OS VÍRUS QUE ABALARAM O MUNDO


             A população mundial atingiu mais de 7 bilhões de seres humanos. Isso se deve à vertiginosa procriação e à longevidade. Mas também, é principalmente, pelo avanço científico que tem conseguido controlar os vírus que no passado provocavam as grandes tragédias. 
                 Hoje sabemos que aquelas tragédias eram causadas mais por fatores socioambientais do que das características genéticas da patologia. Essa conclusão só foi possível porque, coletando resíduos de sangue de quatro ossadas, os pesquisadores conseguiram reconstruir todo o genoma da peste. É a primeira vez que uma enfermidade antiga tem seu DNA inteiramente desvendado. 

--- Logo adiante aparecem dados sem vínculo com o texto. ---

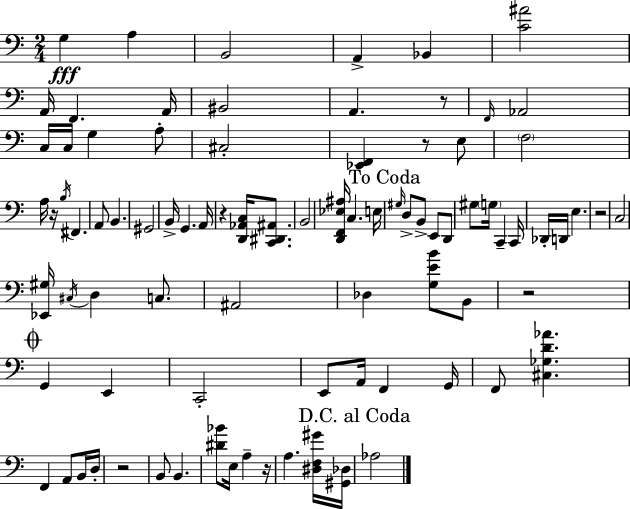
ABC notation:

           As pestes e epidemias acabaram com a antiga Grécia, com Roma Imperial, e  se espalharam pelo mundo da Idade Média como um espectro de vicissitudes. Com o advento da medicina moderna, dos antibióticos e vacinas pensava-se que era o fim das epidemias. Mas novos vírus (super-vírus) estão surgindo e mesmo a mais avançada medicina não se mostra capaz de detê-los. 
              De todas as tribulações que o homem sofreu em sua história, as doenças contagiosas foram as mais fatais. Morreram mais pessoas em epidemias do que em guerras e catástrofes. 

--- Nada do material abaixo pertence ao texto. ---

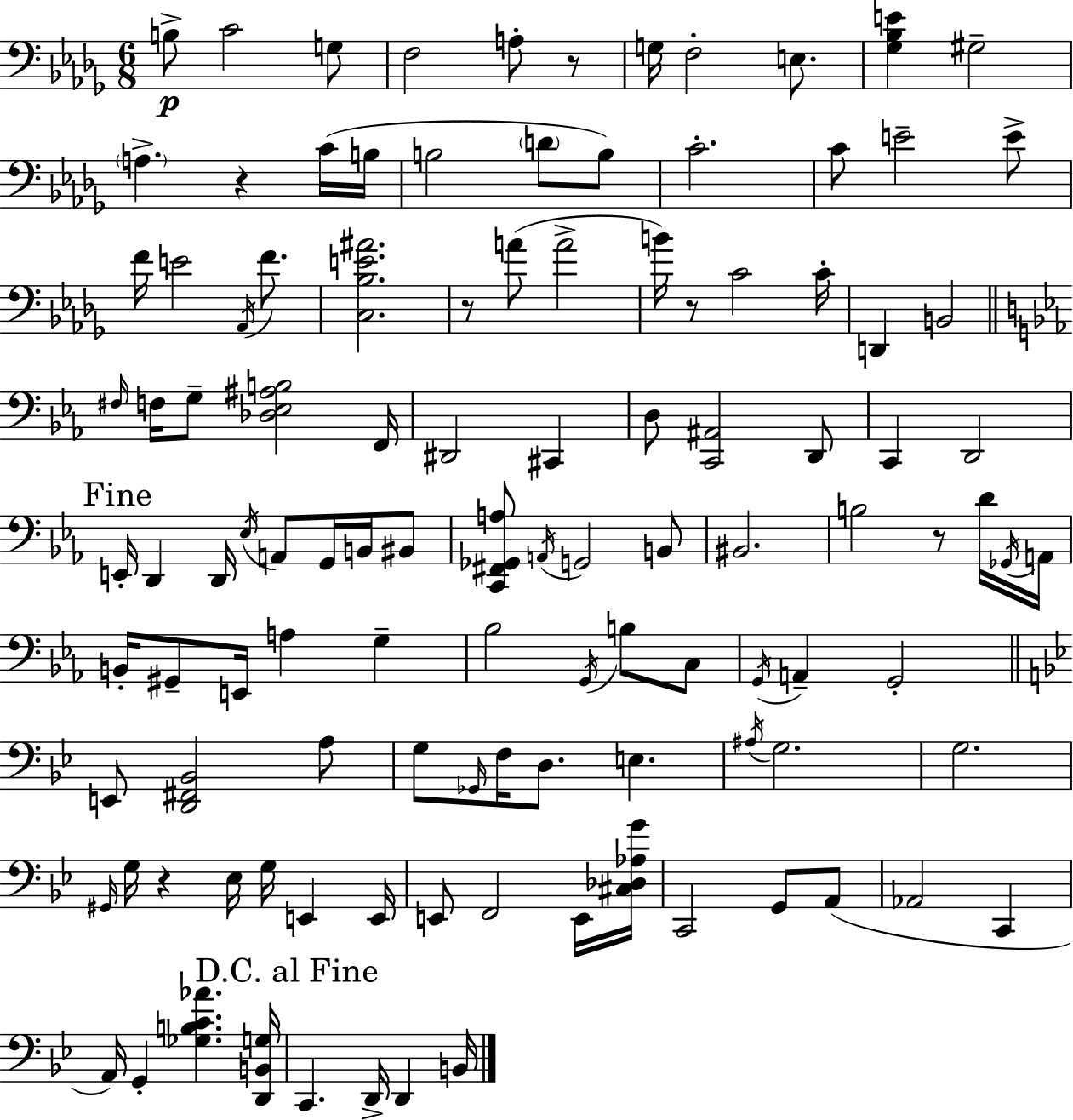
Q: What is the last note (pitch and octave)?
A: B2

                Em 429 a. C., terminou a Idade do Ouro de Atenas. Primeiro a morte atacou os jovens que viviam e amavam no baixo porto. Depois, embrenhou-se pelas ruelas e becos da cidade alta. E espalhou-se insidiosa. O médico Hipócrates aconselhou que se usasse de muito defumador, embora ditasse essa orientação, a salvo,de sua ilha-refúgio. De nada adiantou: um em cada três habitantes morreu, fosse abastado da cidade alto, miserável do Pireu, ou mesmo Péricles - então lider dos democratas radicais - e seus filhos. De seu refúgio, Hipócrates diagnosticava uma atmosfera pestilenta e miasmática em Atenas, trazida pelo excesso de refugiados e soldados que, segundo sua teoria, podia ser purificada pela defumação. 
             Hoje sabemos que quatro vírus se abateram sobre Atenas: a varíola, o tifo, a disenteria e a febre-amarela. Ninguém sabia diferenciar as doenças, e por isso chamavam todas  simplesmente de loismos. O loísmo foi pior que a sangrenta guerra de Peloponeso. E significou o fim da Grécia. 

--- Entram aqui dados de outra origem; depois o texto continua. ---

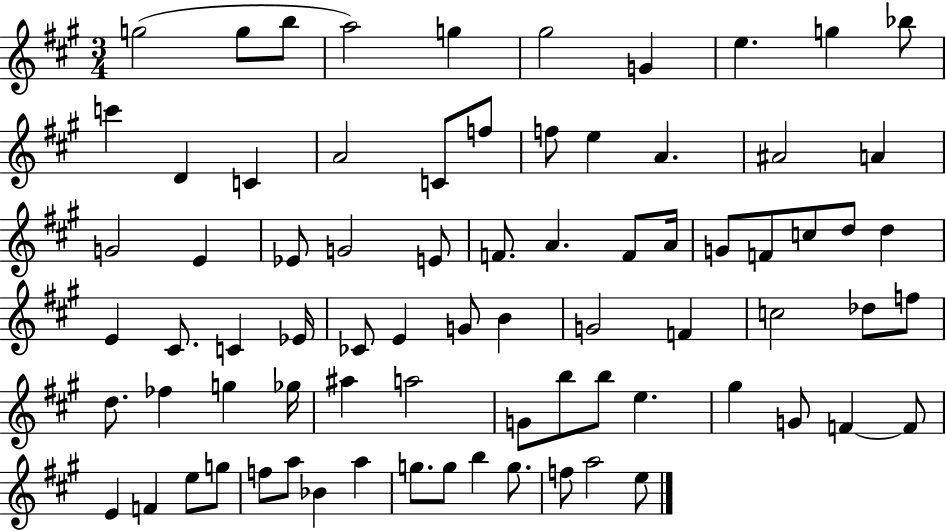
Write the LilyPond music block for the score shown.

{
  \clef treble
  \numericTimeSignature
  \time 3/4
  \key a \major
  g''2( g''8 b''8 | a''2) g''4 | gis''2 g'4 | e''4. g''4 bes''8 | \break c'''4 d'4 c'4 | a'2 c'8 f''8 | f''8 e''4 a'4. | ais'2 a'4 | \break g'2 e'4 | ees'8 g'2 e'8 | f'8. a'4. f'8 a'16 | g'8 f'8 c''8 d''8 d''4 | \break e'4 cis'8. c'4 ees'16 | ces'8 e'4 g'8 b'4 | g'2 f'4 | c''2 des''8 f''8 | \break d''8. fes''4 g''4 ges''16 | ais''4 a''2 | g'8 b''8 b''8 e''4. | gis''4 g'8 f'4~~ f'8 | \break e'4 f'4 e''8 g''8 | f''8 a''8 bes'4 a''4 | g''8. g''8 b''4 g''8. | f''8 a''2 e''8 | \break \bar "|."
}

                 Séculos depois, surgiu uma nova estrela: Roma, a cidade entre colinas, abastecida com água fresca das montanhas, canalizada por eficiente sistema de aquedutos, embora Horácio, amigo do Imperador Augusto, já profetizasse: "Balnea, vina, venus corumpunt corpora nostra" (banhos, vinho e amor destruirão nossos corpos). 
             Mas o poeta se enganou. Não foram os banhos, o vinho ou o amor que destruíram o corpo de seus patrícios romanos. Quem se encarregou disto, 400 anos depois, foi o mosquito transmissor da malária. Como o sistema de canalização estava quebrado, formaram-se pequenos pântanos ao redor da cidade, o que contribuiu para a proliferação da peste. Assim, a febre passou a atacar no verão, enfraquecendo as gloriosas legiões de César. 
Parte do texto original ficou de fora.